James Randall had bought a packet of what he believed to be tobacco from someone, possibly a dock worker, at one of the many pubs in and around the City of London. The vendor had torn open the package just enough to allow him to test a sample of the tobacco, and he had handed over 2s for it. Later he discovered that instead a pound and a half of ‘baccy, all he had was a worthless mix of ‘sawdust and horsedung’.
The sailor had been ‘done’ but instead of accepting his bad luck he decided he would try to recover the situation. Later that day he was walking in the Minories in the City, close to its eastern edge, when he encountered a young lad named Thomas Watts. He offered him the parcel of ‘tobacco’ for 2s3d hoping to make a small profit from the deal.

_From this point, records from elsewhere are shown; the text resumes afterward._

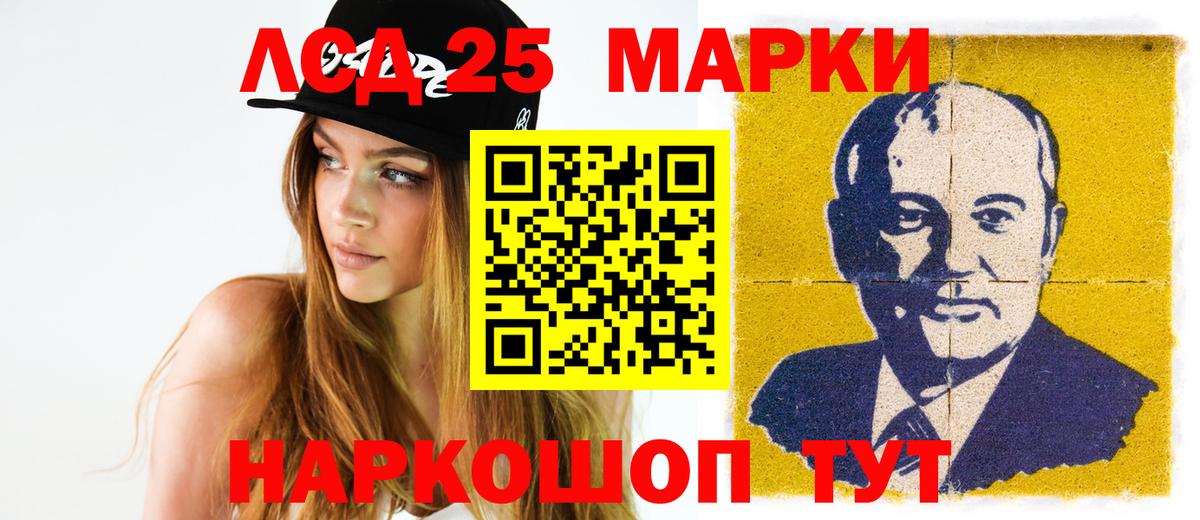 Лсд 25 экстази кислота Дальнегорск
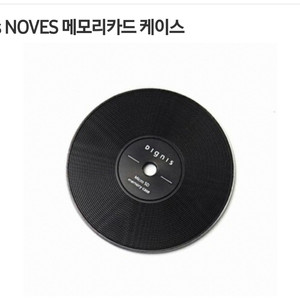 디그니스 sd카드케이스 dignis noves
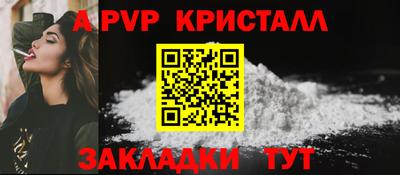 мефедрон мука Донской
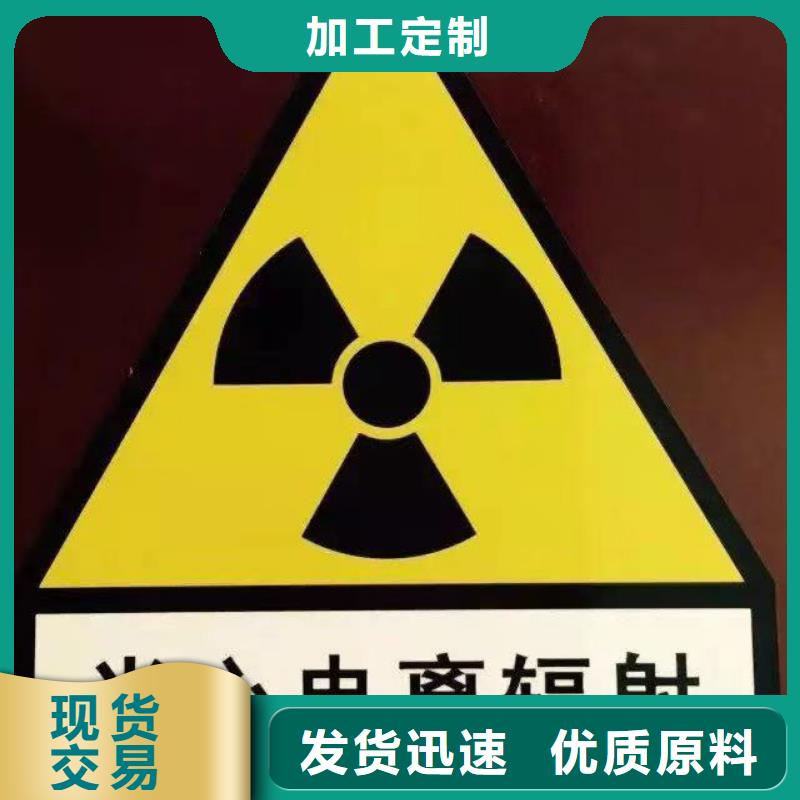 3铅当量防辐射铅门价格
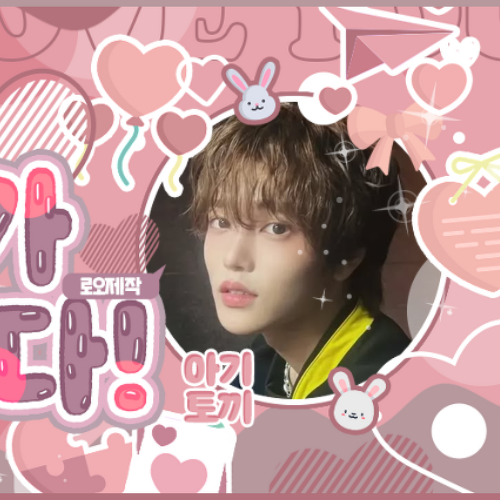 A moment captured by Jang Haneum's fan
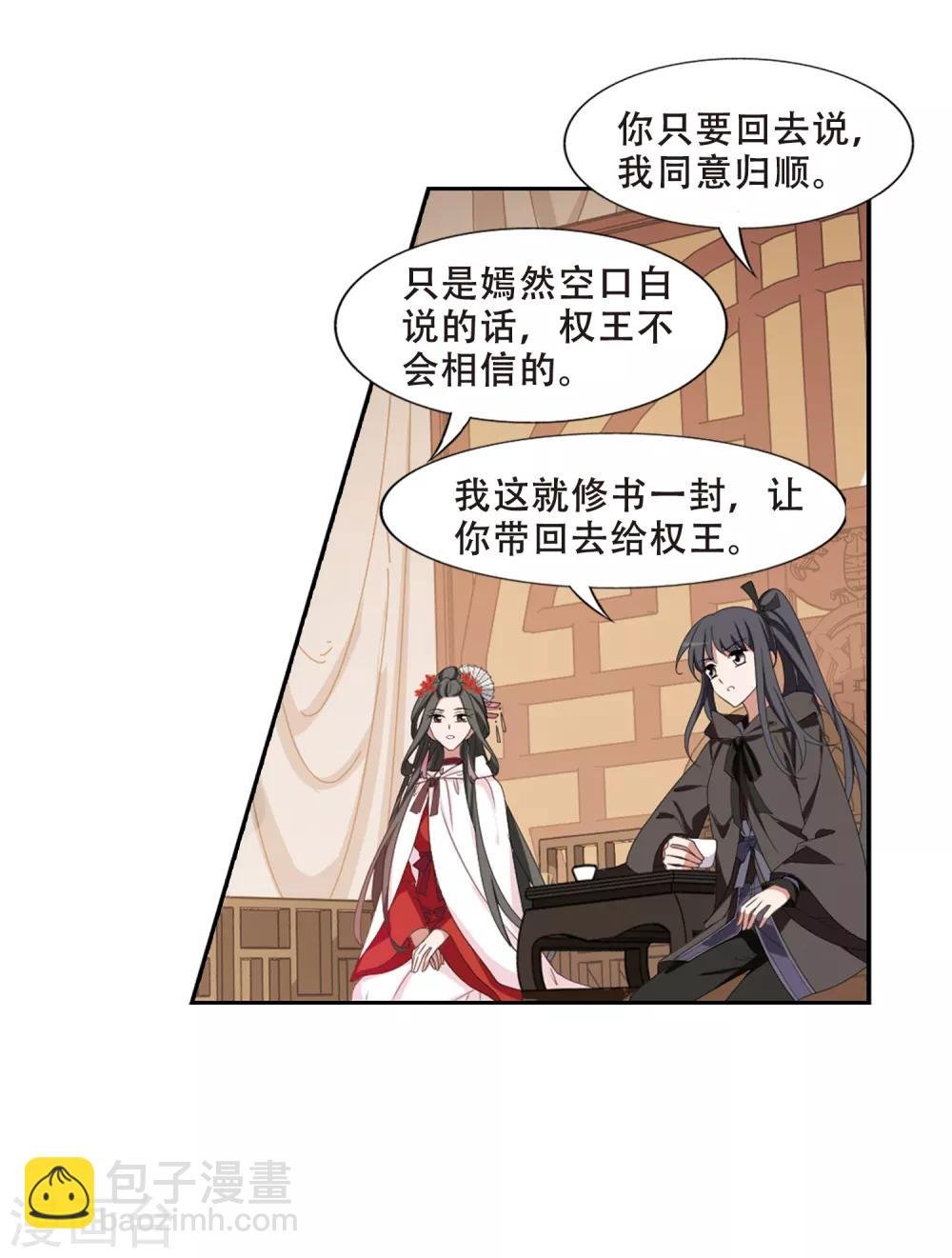 第399话 符源破碎2(2)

Watts, a ‘respectable’ youth, was unsure, and said no. Randall immediately dropped the price to 1s 9d, but Thomas still wavered. The sailor went to 1s 6d and Watts caved in. He handed over the money and was about to examine his purchase when a policeman ran up to the pair of them.

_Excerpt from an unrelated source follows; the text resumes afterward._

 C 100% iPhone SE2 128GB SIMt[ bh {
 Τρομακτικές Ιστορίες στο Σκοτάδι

PC Hayton (588 City) had watched the transaction and knew Randall as a suspicious individual. He took the parcel and the plug sample of tobacco fell out soon followed by the worthless mixture of sawdust and manure. The copper quickly established that the boy had been ripped off and instructed Randall to give him his money back. He demurred at first but then complied. As Watts thanked the policeman the seaman took his chance and ran off.
The officer chased him across the City and caught up with him in Finsbury Circus where he arrested him. On the way to the station Randall confessed to knowing his parcel was valueless and so to trying to defraud Thomas. Not surprisingly then when he was produced at the Mansion House Police court Sir Robert Carden committed him for trial.
Randall was tried at the Old Bailey on the 22 October 1855 and found guilty on his own confession, he was 25 years of age. The judge sent him to prison for three months.